Hows that for an example of Stendhal’s genuine culture as a reflection of contemporary reality? Great shades of Arrowsmith! I found myself scratching my head and wondering how many readers of a novel with a title like Enduring Love would have so much as an inkling of what the writer was talking about. You really have to have some serious insight into what’s been going on in the behavioral sciences to write things like that.
How about this one:
We (the two main characters) were having one of our late-night kitchen table sessions. I told her I thought she had spent too much time lately in the company of John Keats. A genius, no doubt, but an obscurantist, too, who had thought science was robbing the world of wonder when the opposite was the case.
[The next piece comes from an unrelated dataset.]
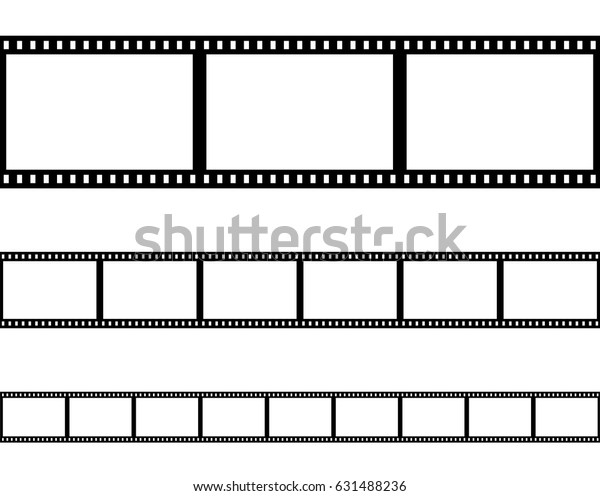 レトロなフィルムラインシネマのシームレスなフィルムストリップフィルムのベクター画像セット のベクター画像素材 ロイヤリティフリー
I couldn’t agree more. And last but not least, there’s this, about the metamorphosis of literature from the 19th to now:
Most educated people read contemporary novels. Storytelling was deep in the 19th century soul. Then two things happened. Science became more difficult, and it became professionalized. It moved into the universities; parsonical narratives gave way to hard-edged theories that could survive intact without experimental support and that had their own formal aesthetic. At the same time, in literature and in other arts, a newfangled modernism celebrated formal, structural qualities, inner coherence, and self-reference. A priesthood guarded the temples of this difficult art against the trespasses of the common man.
Sounds plausible to me. Maybe that’s why contemporary literature and poetry seem so foreign to me. We could use another guy who has the nerve to pull down the temples. Meanwhile, it appears the book has been made into a film. I’ll have to check it out.